Monday, July 31, 2017

Mengecilkan Pori-pori, Memang Bisa?


"Gue mau pori-pori muka gue kecil"

Sering banget nih, gue dengar kalimat ini. Bahkan dari otak gue sendiri. Secara ya, seumur hidup selalu memandang kulit wajah sendiri itu oily, pori-pori gede, dull, dan teman-temannya. 

Nggak heran gue selalu tergoda sama produk yang klaim bisa bikin pori mengecil, bahkan menghilang! Padahal kalo dipikir ya, pori-pori menghilang, kulit muka gue ga bisa napas  dong. Hehe.

Btw jawaban atas pertanyaan di judul: Pori-pori nggak bisa dikecilin, bisanya DIBERSIHIN!

Beberapa tahun yang lalu gue mulai rutin melakukan double cleansing. Gue pernah share mengenai hal tersebut di sini.Sekarang sih, kulit nggak licin-licin amat. Pori-pori masih kelihatan jelas. Tapi lumayan lebih sehat kelihatannya :)

Lumayan lah ya?
 
Memang, kalau berdasarkan beberapa teman yang skincare enthusiast, langkah paling mendasar buat kulit adalah membersihkan. Selanjutnya, melembapkan.

Waktu roadshow [ceile roadshow] buku gue Survival Guide Book for Girl, my dear friend @deszell yang skincare addict dan kulitnya bagus banget itu berulang kali bilang, kalau ada yang mau kulitnya bagus nggak usah macam-macam dulu deh. “Membersihkan kulitnya udah bener belum?”

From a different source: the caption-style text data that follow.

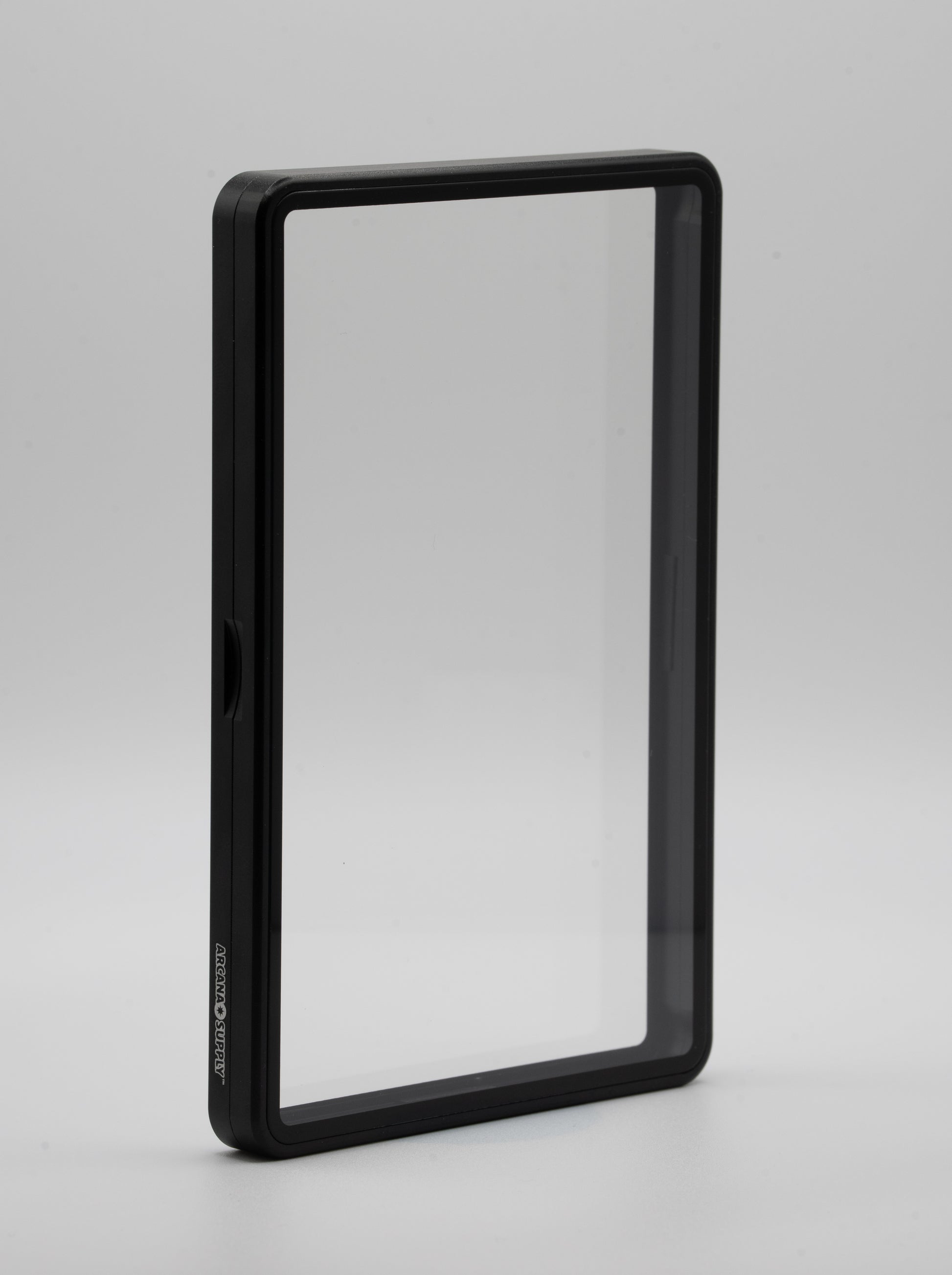 Arcana Clarity Case (PSA/CGC Compatible)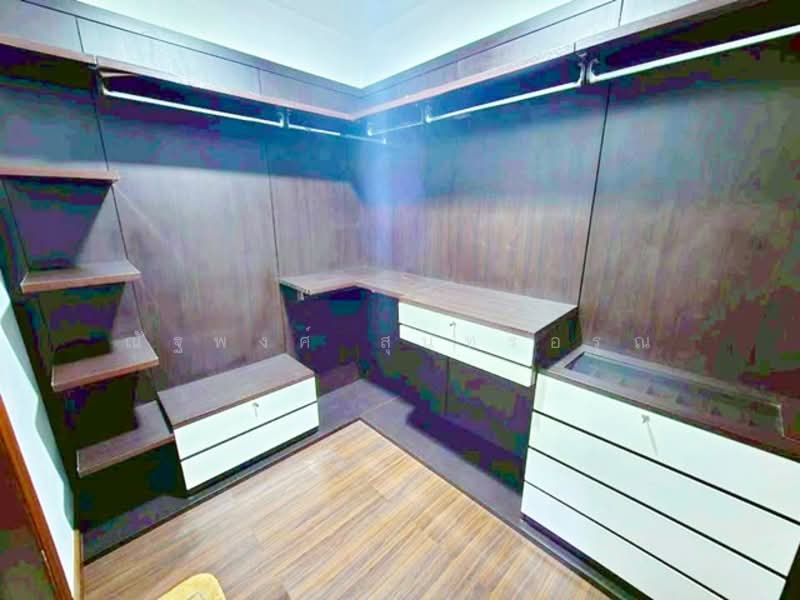 ไม่พบโครงการ, Bangkok, พระราม 6 อารีย์สัมพันธ์, Samsen Nai, Phaya Thai, Bangkok, 3 Bedrooms, 280 sqm, Townhouse For Rent, by ณัฐพงศ์ สุนทรอรุณ, 500216524 - DDproperty.com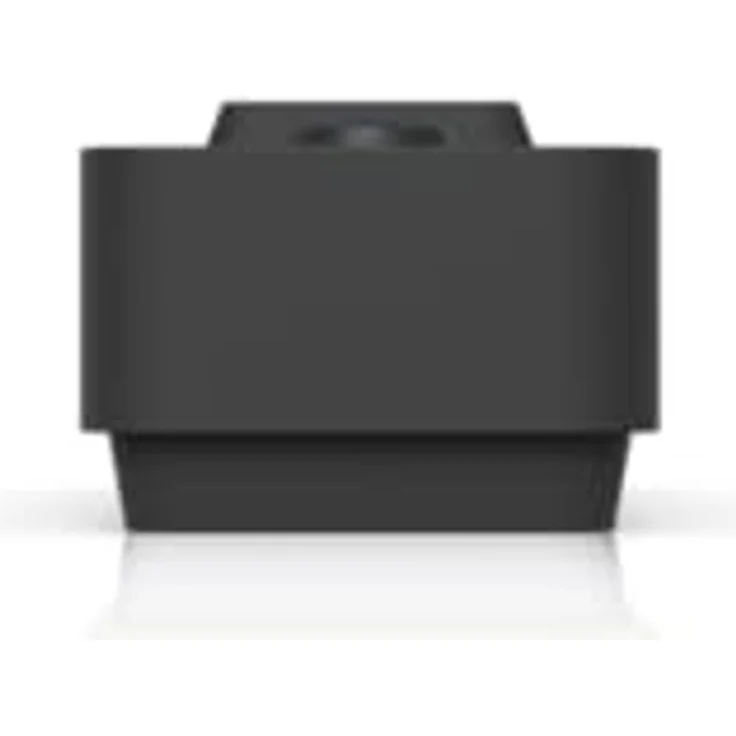 Ubiquiti UniFi Doorbell Lite, IP-Türstation mit HD-Kamera und PoE, weiss – Bild 7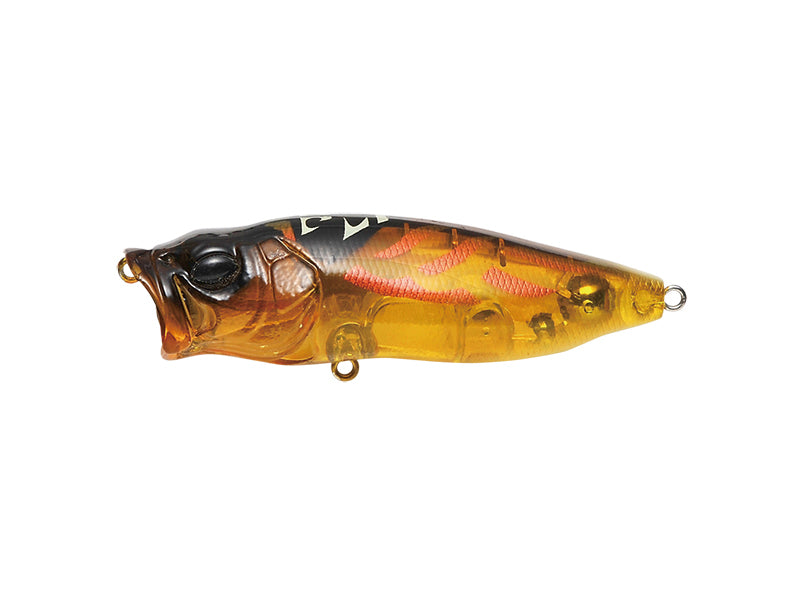 Popmax – Plus Fishing Store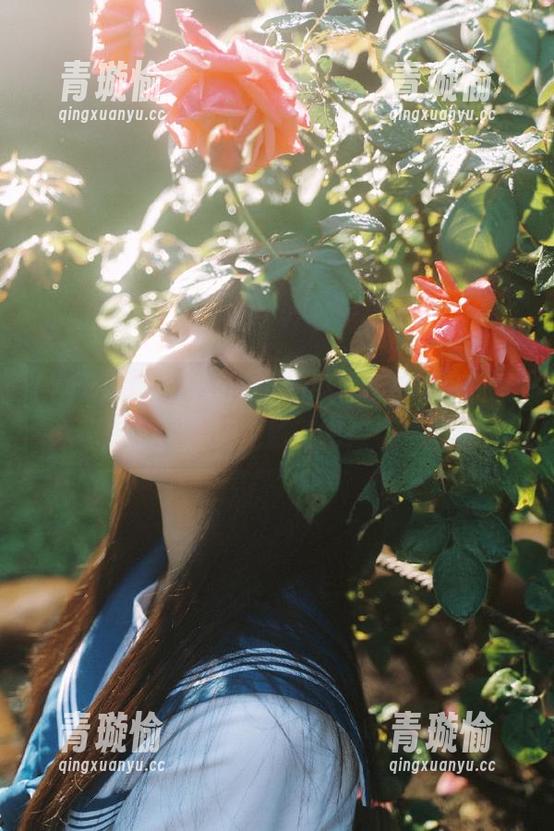 718.sx上的瓜，都快比我的零食还免费了吧！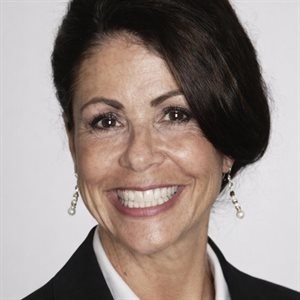 Donna M. Schulz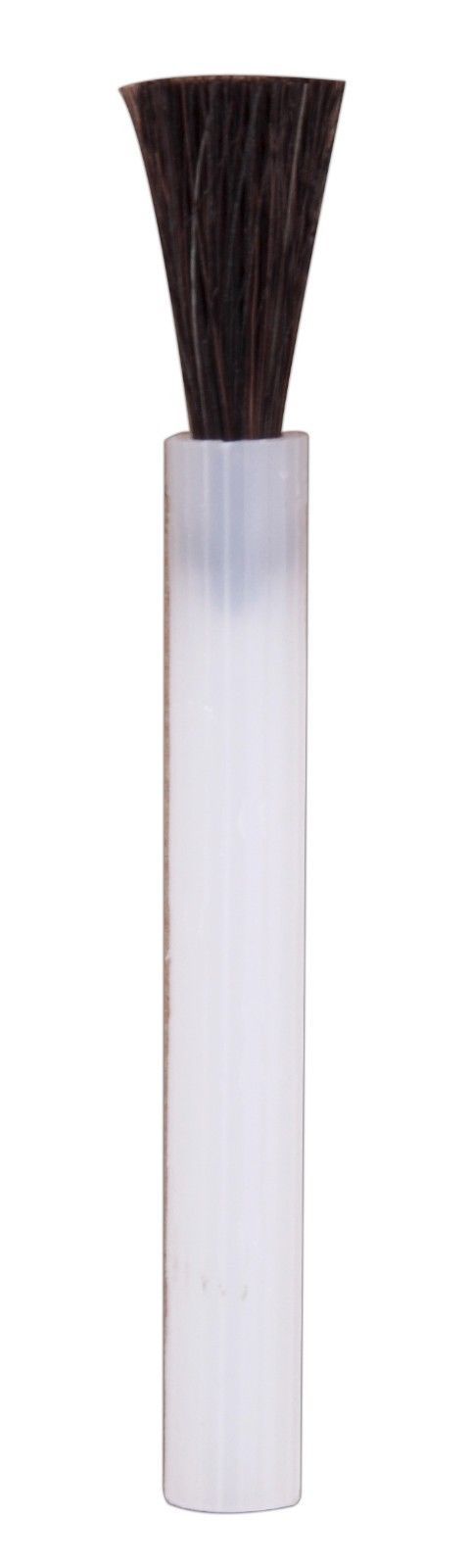 Mizzy Pressure Indicator Paste PIP Brushes 12/pkg Brush #6120600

Gue sih masih nggak yakin kalau cara membersihkan kulit gue udah benar banget. Tapi seenggaknya sampai saat ini yang gue lakukan dan udah mendapat manfaatnya adalah:

Pagi:
Cuci muka pakai pembersih muka yang low pH. Banyak teman yang nanyain langsung mereknya aja, supaya gampang katanya. Hehe. Nah, yang gue pakai buat pagi adalah Tosowoong Enzyme Powder Wash. Bisa dibeli di online shop-online shop terkemuka. Sebaiknya sih, yang terpercaya, ya. Kalau di Instagram rajin cek @beningbersinar atau @esiotrot.


Malam:
First cleansing pakai cleansing oil. Sejauh ini favorit gue adalah Muji for Sensitive Skin. Sudah habis entah berapa botol. Sayangnya nggak ada di sini, jadi belinya nitip sama teman yang ke lagi ke Malaysia/ Singapura/ Jepang.

Muji yang tengah tuuuh

Kalau berasa kulit muka lagi kotor banget, maka gue pake micellar water dulu biar kelihatan kotoran yang terangkat itu seberapa banyak. Ini sugesti aja sih, karena micellar water kan pakai kapas, ya, jadi kelihatan seberapa kotor kulit kita. Setelah itu baru dilanjutkan dengan cleansing oil.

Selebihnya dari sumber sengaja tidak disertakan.